BEGIN Dataset content

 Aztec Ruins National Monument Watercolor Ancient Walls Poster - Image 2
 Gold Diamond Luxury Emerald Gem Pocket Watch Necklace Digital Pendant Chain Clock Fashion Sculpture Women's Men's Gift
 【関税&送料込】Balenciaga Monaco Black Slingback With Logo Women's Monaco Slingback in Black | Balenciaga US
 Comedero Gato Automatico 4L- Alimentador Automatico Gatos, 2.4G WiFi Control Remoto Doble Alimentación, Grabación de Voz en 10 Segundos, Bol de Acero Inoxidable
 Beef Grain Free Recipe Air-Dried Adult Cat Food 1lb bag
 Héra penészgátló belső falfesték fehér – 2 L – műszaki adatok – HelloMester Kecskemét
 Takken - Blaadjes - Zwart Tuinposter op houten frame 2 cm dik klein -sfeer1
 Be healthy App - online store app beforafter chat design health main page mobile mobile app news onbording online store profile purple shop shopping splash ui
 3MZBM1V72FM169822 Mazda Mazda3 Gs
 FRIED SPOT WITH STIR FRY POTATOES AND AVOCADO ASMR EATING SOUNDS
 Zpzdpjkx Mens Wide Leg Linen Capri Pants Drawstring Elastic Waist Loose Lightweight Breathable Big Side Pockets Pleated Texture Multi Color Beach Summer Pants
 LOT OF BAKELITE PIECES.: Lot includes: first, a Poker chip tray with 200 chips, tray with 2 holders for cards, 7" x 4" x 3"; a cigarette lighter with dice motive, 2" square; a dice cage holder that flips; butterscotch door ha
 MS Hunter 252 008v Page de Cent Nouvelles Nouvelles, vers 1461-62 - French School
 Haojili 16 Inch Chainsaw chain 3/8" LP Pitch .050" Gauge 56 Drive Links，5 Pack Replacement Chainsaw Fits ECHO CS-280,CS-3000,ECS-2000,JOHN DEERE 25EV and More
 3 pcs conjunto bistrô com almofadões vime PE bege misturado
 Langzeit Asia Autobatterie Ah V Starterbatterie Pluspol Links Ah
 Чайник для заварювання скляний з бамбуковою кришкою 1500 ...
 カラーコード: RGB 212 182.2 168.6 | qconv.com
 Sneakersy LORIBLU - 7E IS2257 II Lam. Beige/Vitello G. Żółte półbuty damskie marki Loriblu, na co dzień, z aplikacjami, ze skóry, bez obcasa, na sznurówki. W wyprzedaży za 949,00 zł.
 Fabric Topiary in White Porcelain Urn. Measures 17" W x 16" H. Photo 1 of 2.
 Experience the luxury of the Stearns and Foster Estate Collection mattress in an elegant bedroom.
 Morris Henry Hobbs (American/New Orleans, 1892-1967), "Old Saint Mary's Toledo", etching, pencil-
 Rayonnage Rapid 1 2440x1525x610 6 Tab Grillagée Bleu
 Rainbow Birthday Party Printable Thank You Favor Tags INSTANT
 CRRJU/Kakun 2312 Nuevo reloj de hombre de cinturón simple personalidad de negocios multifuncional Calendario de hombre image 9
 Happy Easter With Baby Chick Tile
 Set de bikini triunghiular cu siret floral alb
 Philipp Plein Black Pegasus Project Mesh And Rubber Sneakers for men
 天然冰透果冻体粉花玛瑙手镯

END Dataset content

» **Problem**: Above this instruction are the records; retype exactly the lines from the one containing "Black | Balenciaga US" up to and including the one containing "Beef Grain Free".

» **Your response**:
 【関税&送料込】Balenciaga Monaco Black Slingback With Logo Women's Monaco Slingback in Black | Balenciaga US
 Comedero Gato Automatico 4L- Alimentador Automatico Gatos, 2.4G WiFi Control Remoto Doble Alimentación, Grabación de Voz en 10 Segundos, Bol de Acero Inoxidable
 Beef Grain Free Recipe Air-Dried Adult Cat Food 1lb bag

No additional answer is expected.